Either way, I've collected some data showing that the full GPT-4.1 remains excellent at translation, with the distills being OK but nothing special. Mini is only slightly worse than Sonnet 3.5, which is what Nuenki currently uses to translate sentences as you browse. And of course, there's a lot of variance between different languages; I encourage you to go through and see.
Hybrid Translation and Grok
I've been working on an open-source translation system that combines multiple different models to inform a translation that will hopefully beat any one model.

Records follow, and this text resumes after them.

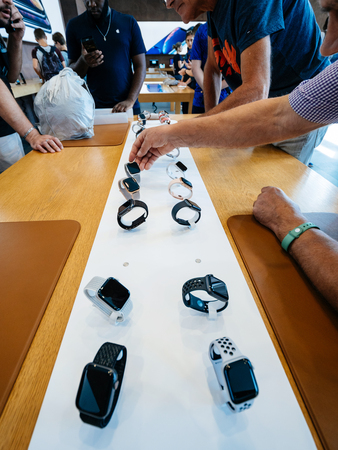 STRASBOURG, FRANCE - SEP 21, 2018: Hand of senior man in Apple Store and other customers admiring the new latest Apple Watch Series 4 wearable smartwatchのeditorial素材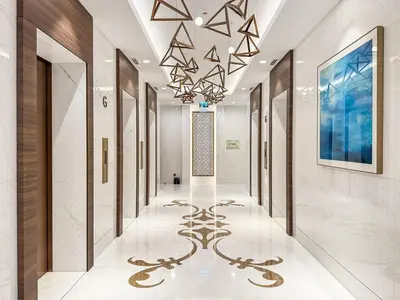 a hallway of a hotel with a chandelier at Deluxe, Elegant - 3BR - DT - Burj Khalifa View in Dubai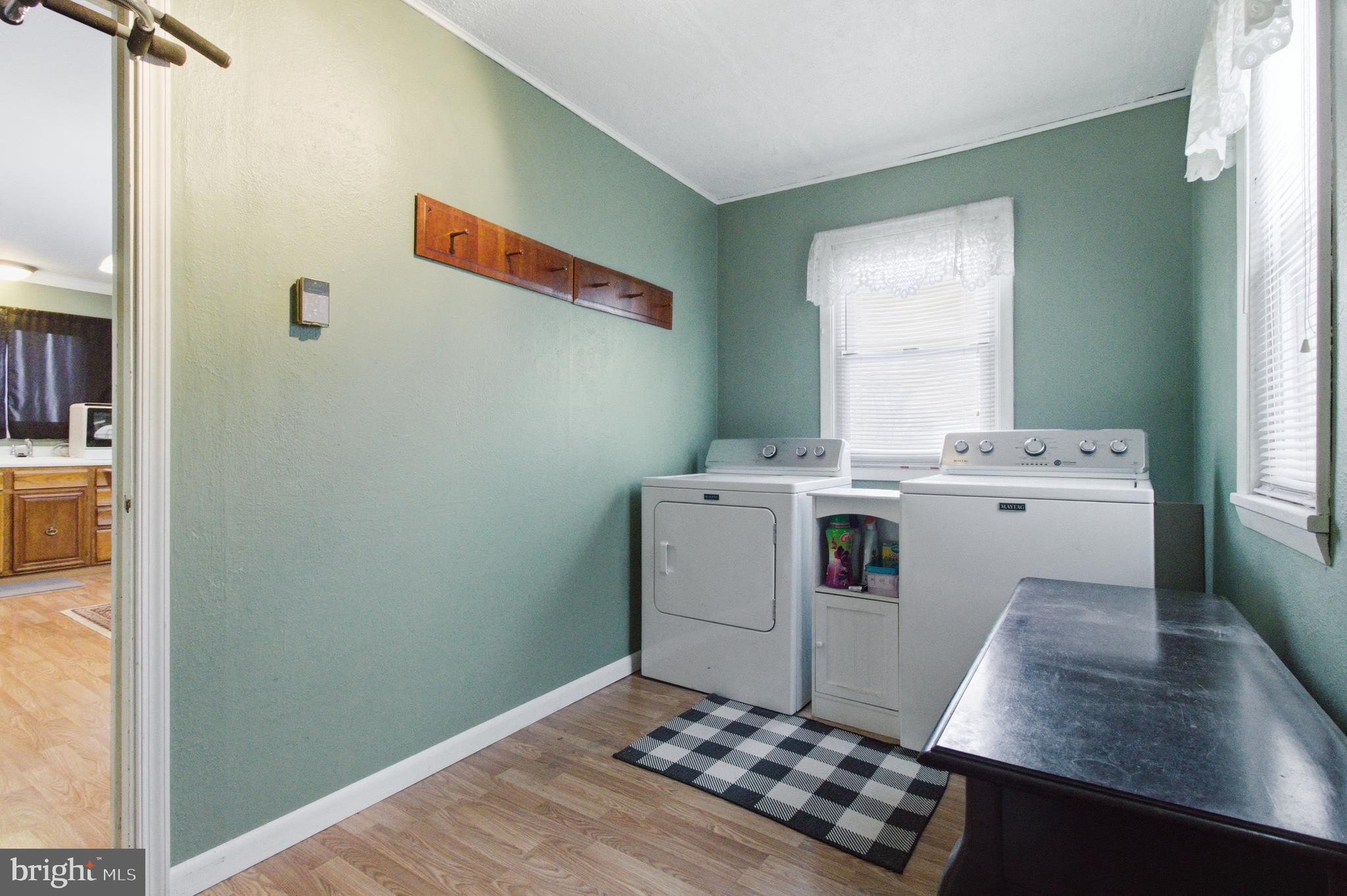 624 Decatur Street Philipsburg, PA 16866 - Photo 6 of 19 a storage room with washer and dryer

It's still a work in progress - I'll probably release a demo tomorrow. Anyway, I decided to evaluate Grok for that system, though I wouldn't consider using it in the Nuenki extension for privacy reasons.

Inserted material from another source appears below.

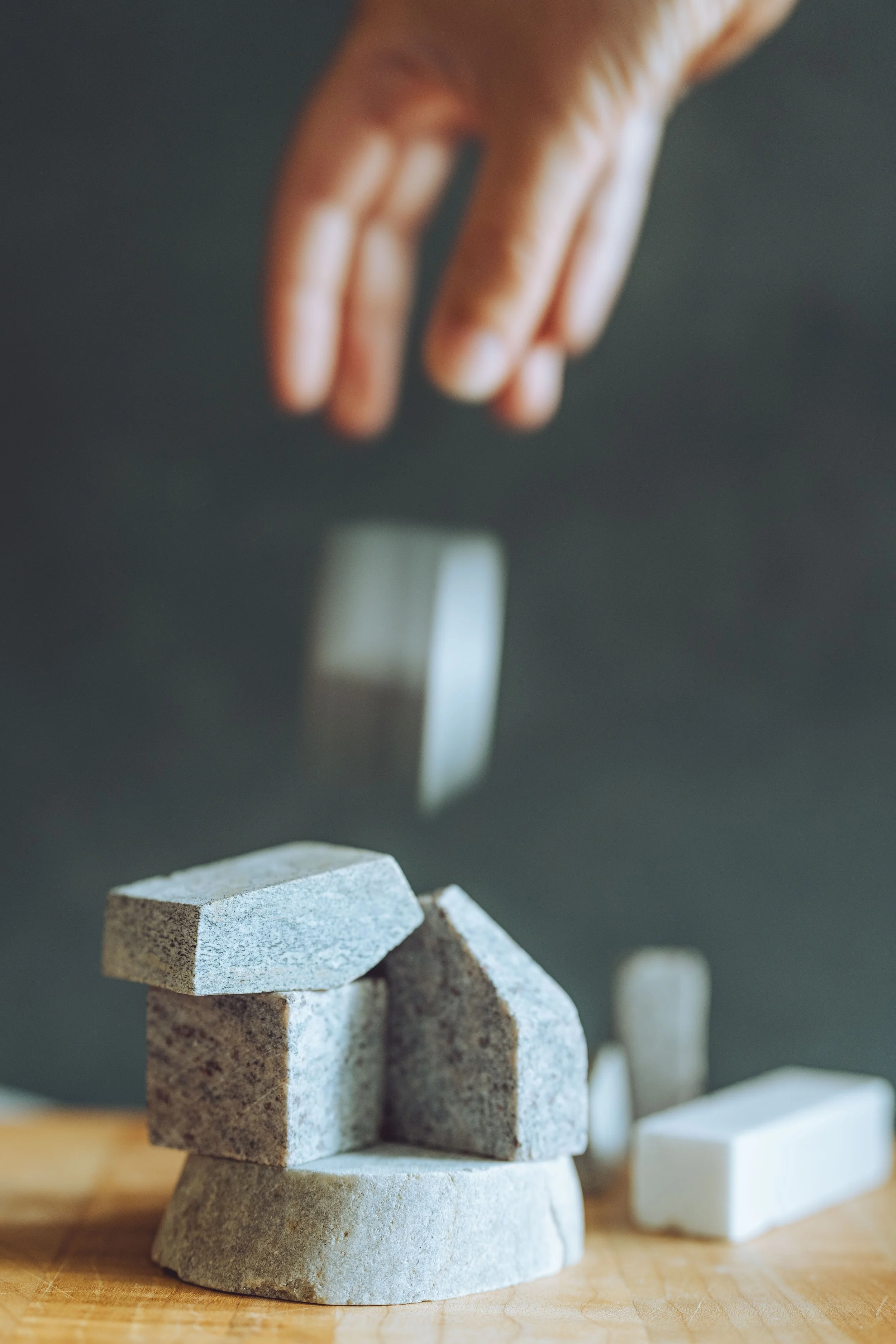 A hand dropping a rectangular stone block onto a stack of similar stones, balancing it in a game of agility and precision on a wooden surface with other stones nearby.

It's actually rather good at translation, as you can see from the data - I'm pleasantly surprised.
Methodology
I went over it in more detail in the first post, but effectively:
- Coherence is calculated by translating from English -> target language -> English 3 times, then having 3 blinded LLMs rate how close the original text is to the new text
- Idiomaticity is calculated by translating from English to the target langauge, then having 3 other (blinded) LLMs rate how idiomatic the translation is.
- Accuracy is calculated by translating from English to the target langauge, then having 3 other (blinded) LLMs rate how accurate the translation is.
- This is repeated across a sample of ~40 sentences, and the overall score is weighted. I changed the weighting algorithm to use the standard deviation, rather than IQR, and changed the ratios to put greater emphasis on idiomaticity and slightly less on refusal rate.
Future of Nuenki Translation
I intend to integrate GPT-4.1 as a translation source in the next few days. Right now Nuenki uses a mixture of DeepL, Llama 3.3, and Sonnet depending on the circumstances. Sonnet is quite an old model now, so I intend to replace it with GPT-4.1 for some languages. It will still remain as a fallback in case of downtime. It's worth noting that the overall score heavily weights against refusals, and when you look purely at translation performance alone Sonnet is still quite a good model.